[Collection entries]
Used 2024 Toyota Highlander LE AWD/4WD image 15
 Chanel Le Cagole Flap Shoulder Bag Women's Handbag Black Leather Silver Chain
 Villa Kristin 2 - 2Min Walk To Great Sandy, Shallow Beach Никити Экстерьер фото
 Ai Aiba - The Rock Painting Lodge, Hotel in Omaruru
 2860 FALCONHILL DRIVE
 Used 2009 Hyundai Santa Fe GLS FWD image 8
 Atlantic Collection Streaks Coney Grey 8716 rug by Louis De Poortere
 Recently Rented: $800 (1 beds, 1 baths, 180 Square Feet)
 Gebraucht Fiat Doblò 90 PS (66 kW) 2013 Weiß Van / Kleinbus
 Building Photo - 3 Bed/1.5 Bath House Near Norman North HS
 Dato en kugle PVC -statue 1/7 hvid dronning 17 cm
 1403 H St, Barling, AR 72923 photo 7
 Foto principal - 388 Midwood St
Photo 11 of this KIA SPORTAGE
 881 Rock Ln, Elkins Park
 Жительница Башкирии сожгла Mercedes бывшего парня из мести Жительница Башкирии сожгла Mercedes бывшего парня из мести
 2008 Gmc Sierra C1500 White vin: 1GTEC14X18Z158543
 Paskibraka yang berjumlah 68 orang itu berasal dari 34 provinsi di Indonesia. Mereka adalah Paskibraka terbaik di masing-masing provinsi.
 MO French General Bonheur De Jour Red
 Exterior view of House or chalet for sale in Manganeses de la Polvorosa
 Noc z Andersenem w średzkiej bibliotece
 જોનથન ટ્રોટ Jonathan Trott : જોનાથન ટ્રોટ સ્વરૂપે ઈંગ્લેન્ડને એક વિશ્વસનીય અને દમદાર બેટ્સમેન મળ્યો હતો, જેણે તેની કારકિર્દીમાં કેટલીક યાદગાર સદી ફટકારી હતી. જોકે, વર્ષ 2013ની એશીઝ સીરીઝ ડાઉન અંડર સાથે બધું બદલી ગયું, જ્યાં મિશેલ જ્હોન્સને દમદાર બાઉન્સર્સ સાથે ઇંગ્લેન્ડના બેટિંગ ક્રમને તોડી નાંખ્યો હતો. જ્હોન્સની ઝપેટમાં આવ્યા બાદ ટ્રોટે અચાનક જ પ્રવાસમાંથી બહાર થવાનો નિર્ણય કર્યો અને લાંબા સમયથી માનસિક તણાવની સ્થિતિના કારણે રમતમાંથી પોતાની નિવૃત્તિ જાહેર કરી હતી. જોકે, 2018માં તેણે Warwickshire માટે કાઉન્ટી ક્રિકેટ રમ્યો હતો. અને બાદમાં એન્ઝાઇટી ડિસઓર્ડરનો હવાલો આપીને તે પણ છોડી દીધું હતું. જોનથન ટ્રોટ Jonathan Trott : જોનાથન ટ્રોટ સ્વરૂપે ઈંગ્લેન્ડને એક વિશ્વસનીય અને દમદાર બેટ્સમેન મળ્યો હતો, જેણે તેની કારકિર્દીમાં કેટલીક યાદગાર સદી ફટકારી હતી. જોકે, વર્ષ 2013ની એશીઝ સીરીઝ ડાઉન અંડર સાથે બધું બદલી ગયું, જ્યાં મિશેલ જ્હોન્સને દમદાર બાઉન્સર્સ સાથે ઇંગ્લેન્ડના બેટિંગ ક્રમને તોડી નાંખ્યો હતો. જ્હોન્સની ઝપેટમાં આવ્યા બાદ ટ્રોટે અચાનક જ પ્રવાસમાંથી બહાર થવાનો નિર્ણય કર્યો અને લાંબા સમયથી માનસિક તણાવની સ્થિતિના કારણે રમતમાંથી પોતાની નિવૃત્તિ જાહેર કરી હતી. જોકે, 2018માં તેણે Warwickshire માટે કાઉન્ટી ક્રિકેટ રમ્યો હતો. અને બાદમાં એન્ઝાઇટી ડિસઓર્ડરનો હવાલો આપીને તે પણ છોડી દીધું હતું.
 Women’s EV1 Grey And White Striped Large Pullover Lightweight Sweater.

WORK REQUIRED: For this task, write out exactly the lines of the entries above, starting at the line with "Chanel Le Cagole" and ending at the line with "Noc z Andersenem w średzkiej bibliotece", both included, and no others.

OUTPUT OF THE TASK:
 Chanel Le Cagole Flap Shoulder Bag Women's Handbag Black Leather Silver Chain
 Villa Kristin 2 - 2Min Walk To Great Sandy, Shallow Beach Никити Экстерьер фото
 Ai Aiba - The Rock Painting Lodge, Hotel in Omaruru
 2860 FALCONHILL DRIVE
 Used 2009 Hyundai Santa Fe GLS FWD image 8
 Atlantic Collection Streaks Coney Grey 8716 rug by Louis De Poortere
 Recently Rented: $800 (1 beds, 1 baths, 180 Square Feet)
 Gebraucht Fiat Doblò 90 PS (66 kW) 2013 Weiß Van / Kleinbus
 Building Photo - 3 Bed/1.5 Bath House Near Norman North HS
 Dato en kugle PVC -statue 1/7 hvid dronning 17 cm
 1403 H St, Barling, AR 72923 photo 7
 Foto principal - 388 Midwood St
Photo 11 of this KIA SPORTAGE
 881 Rock Ln, Elkins Park
 Жительница Башкирии сожгла Mercedes бывшего парня из мести Жительница Башкирии сожгла Mercedes бывшего парня из мести
 2008 Gmc Sierra C1500 White vin: 1GTEC14X18Z158543
 Paskibraka yang berjumlah 68 orang itu berasal dari 34 provinsi di Indonesia. Mereka adalah Paskibraka terbaik di masing-masing provinsi.
 MO French General Bonheur De Jour Red
 Exterior view of House or chalet for sale in Manganeses de la Polvorosa
 Noc z Andersenem w średzkiej bibliotece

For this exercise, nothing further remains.